KUALA LUMPUR - A CREW member of Malaysia Airlines flight MH370 made a desperate call from his mobile phone as the plane was flying low near Penang, the morning it went missing.
The latest breakthrough in the ongoing criminal investigation traced the source of the call to co-pilot Fariq Abdul Hamid's phone.
The New Straits Times has learnt that investigators are poring over this discovery as they try to piece together what had happened moments before the Boeing 777-22ER twinjet went off the radar, some 200 nautical miles (320km) northwest of Penang on March 8.
It is understood that the aircraft with 239 people on board was flying at an altitude low enough for the nearest telecommunications tower to pick up his phone's signal.

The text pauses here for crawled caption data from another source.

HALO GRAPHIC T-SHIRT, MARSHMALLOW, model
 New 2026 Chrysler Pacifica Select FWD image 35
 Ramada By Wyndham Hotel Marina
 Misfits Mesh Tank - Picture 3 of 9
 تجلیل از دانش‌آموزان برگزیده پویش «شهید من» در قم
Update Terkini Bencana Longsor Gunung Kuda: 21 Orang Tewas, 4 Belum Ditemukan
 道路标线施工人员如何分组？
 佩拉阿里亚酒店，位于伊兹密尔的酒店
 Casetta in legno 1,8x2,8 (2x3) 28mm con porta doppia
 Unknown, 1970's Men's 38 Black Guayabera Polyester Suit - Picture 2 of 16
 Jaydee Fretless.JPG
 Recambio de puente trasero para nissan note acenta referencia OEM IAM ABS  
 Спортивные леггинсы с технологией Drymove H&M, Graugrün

His call, however, ended abruptly, but not before contact was established with a telecommunications sub-station in the state.
However, the NST is unable to ascertain who Fariq was trying to call as sources chose not to divulge details of the investigation. The links that police are trying to establish are also unclear.
"The telco's (telecommunications company's) tower established the call that he was trying to make. On why the call was cut off, it was likely because the aircraft was fast moving away from the tower and had not come under the coverage of the next one," the sources said.
It was also established that Fariq's last communication through the WhatsApp Messenger application was about 11.30pm on March 7, just before he boarded the aircraft for his six-hour flight to Beijing.
The NST was also told that checks on Fariq's phone history showed that the last person he spoke to was "one of his regular contacts (a number that frequently appears on his outgoing phone logs)".
This call was made no more than two hours before the flight took off at 12.41am from Kuala Lumpur International Airport (KLIA).
A different set of sources close to the investigations told the NST that checks on Fariq's phone showed that connection to the phone had been "detached" before the plane took off.
"This is usually the result of the phone being switched off. At one point, however, when the airplane was airborne, between waypoint Igari and the spot near Penang (just before it went missing from radar), the line was 'reattached'.
"A 'reattachment' does not necessarily mean that a call was made. It can also be the result of the phone being switched on again," the sources said.
The flight, with a crew of 12, was supposed to take off at 12.35am.
The jetliner disappeared from commercial radar about an hour later, while it was flying over the South China Sea. It was supposed to have landed in Beijing at 6.30am the same day.
Experts said it was possible for a mobile phone to be connected to a telecommunications tower at an altitude of 7,000 feet.
An NST exclusive on March 16, quoted investigators as saying that the jetliner had dropped to as low as 5,000 feet after it made the turnback at waypoint Igari in the South China Sea before it crossed Peninsular Malaysia headed towards Penang.
Meanwhile, Fariq's cousin Nursyafiqah Kamarudin, 18, told the NST on Monday that Fariq, who would have turned 28 on April 1, was very close to his mother.
"If Fariq could make one call before the plane disappeared, it would have been to her."